Hi George, I had bought these birds with pedigrees from a guy name Bill Mohr of Wisconsin. I had these birds for over 10 years and they top all the other white birds I had previously owned. Not bragging just true facts from performances. Not to say these are the best whites, but my personal opinion are the ones I kept. I had other whites as well that I got rid. Again my personal opinion from owning these birds. I started my foundation stock with these birds. White Sire SPL. 87-Au-MCL.08862 Flew 100-385 as YB then stocked. White Dam 87-AU-SCF-879 with others as well... I had purchased four pairs at $60.00 each. back then. Now I have over 200 whites. I sell alot of them cheap to reduce my stock. I sell in Spring and Summer only.


----------



## doveman (Nov 9, 2007)

*Delbars*

Also wanted to add that the Delbar white racers are very good as well. I known fellow racers who did very well at one time in races with these birds. Many pure whites are not desired to for races. No I don't own any. Just thought to add.


----------



## re lee (Jan 4, 2003)

Alot of people just race birds. They prefure blue. BUT any color White as one will race. Race people go with the winners. Get some decent whites train them get them flying good and placing on the race charts, and people will want them.. Sure whites in a crowd of other colors stand out. bUt the hawk has to catch them which is harder if they are flying. And you can out cross any color and bring better quality and reset the color as you do. .


----------



## WFLlofts (Jan 2, 2007)

Talk to anderson again his son has some of the best whites around his son isnt as helpful as mike is but will still work with you.


----------



## WhiteWingsCa (Mar 1, 2002)

george simon said:


> Hi ACEINTHEHOLE, Yes there are good white racers the bandits that Lovebirds pointed out are very good also ROGER MORTVEDT'S WHITES are a good family in fact I would get some Bandits and same Mortvedt's and cross them for hybred vigor.Roger has been racing his whites for 30 or more years.You can reach Roger at 1-909-887-4468,one other thing I would point out DO NOT BUY WHITES FROM SOMEONE THAT IS IN THE WHITE RELEASE BUISNESS while these are homing pigeons they in fact are NOT RACERS. Go to Mortvedt or Hapyco they have whites that race. .GEORGE




I beg to differ .... WE have a 'white release business', and we race .. and yes, we race our whites, as well as the grizzles, splashes, etc. that we have in our lofts. We do releases from up to 85 miles, so we have to have well bred, strong birds for it. We do that by obtaining good stock birds, and breeding down from them to get whites.

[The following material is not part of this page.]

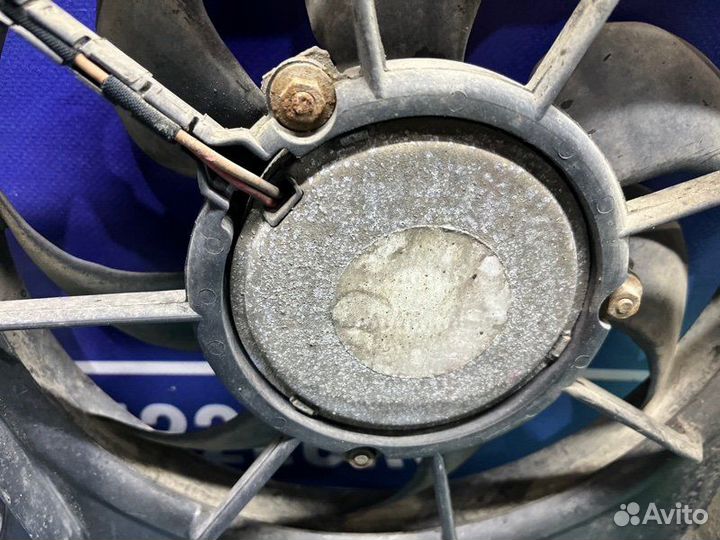 Вентилятор радиатора Volkswagen Passat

Our stock birds include birds from Mortvedt, Hapyco and OakHaven (Peeman).

No, not all whites are racers ... but I know plenty of "release business" folks that race their whites, and do well at it.


----------



## SmithFamilyLoft (Nov 22, 2004)

ace in the hole said:


> ...... Are there any pure white racing pigeons that can fly with the best of them? If so were can we get them.
> 
> Mark


Hello Mark,

I follow a number of auctions in Europe, and I also note the various National Ace Champions which are listed in various forums. I can't say that I ever remember seeing any pure white racer which has won any major National race, in any country anywhere. If someone has ever seen one, and can post it here, that would be the first one I ever would have seen. 

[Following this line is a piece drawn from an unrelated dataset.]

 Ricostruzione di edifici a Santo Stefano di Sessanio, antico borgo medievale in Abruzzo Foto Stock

So if there is some pure white racers, which are able to compete with the best of the Ace's...then they must be the best kept secret in the world, since they certainly are not on top of the world's greatest race sheets that I have ever seen, but perhaps someone will come along which can educate me.


----------



## DEEJAY7950 (Dec 13, 2006)

http://www.cbspigeon.com/images/Product/medium/2045.jpg

this site seems to have some excellent white's from winners

http://www.cbspigeon.com/c-17-Whites.aspx


----------



## DEEJAY7950 (Dec 13, 2006)

I don't think the sire will ever be sold but kept for stock, i think 2nd of 12,000 plus birds says alot about the bird and the possibility of the stock! also 5th fastest of some 73,000 birds WOW!
Just because this bird didn't make a cover for a magazine it still shows impressive results, we focus too much on "first place" when in fact first place can be a matter of only seconds!


----------



## DEEJAY7950 (Dec 13, 2006)

Listen to this person's views on the color of pigeons! especially the white birds! 

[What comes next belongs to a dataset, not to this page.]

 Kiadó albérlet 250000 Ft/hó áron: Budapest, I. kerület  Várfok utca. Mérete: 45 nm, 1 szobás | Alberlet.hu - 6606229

personally i don't think color matters at all! 
http://www.expertvillage.com/videos/homing-pigeons-color-variations.htm


----------



## Guest (Dec 3, 2007)

I have whites in strains of trenton ,morvet and stikelbauk(spelling ?) and well to me they dont need to win races cuz here is where they pass the tests for me...I have 3 different types of hawks hitting them almost daily and so far this year I have only had one taken down while out flying and he lived to tell the tale ... to me that speaks volumes as how tuff they are and for what they can achieve ifput to the test


----------



## doveman (Nov 9, 2007)

*Hawks*

Hawks are good ambushers with speed. They cannot manouver like pigeons. 

www.pigeonpeddler.com


----------



## DEEJAY7950 (Dec 13, 2006)

Bump----YES there are good white racer's out there!


----------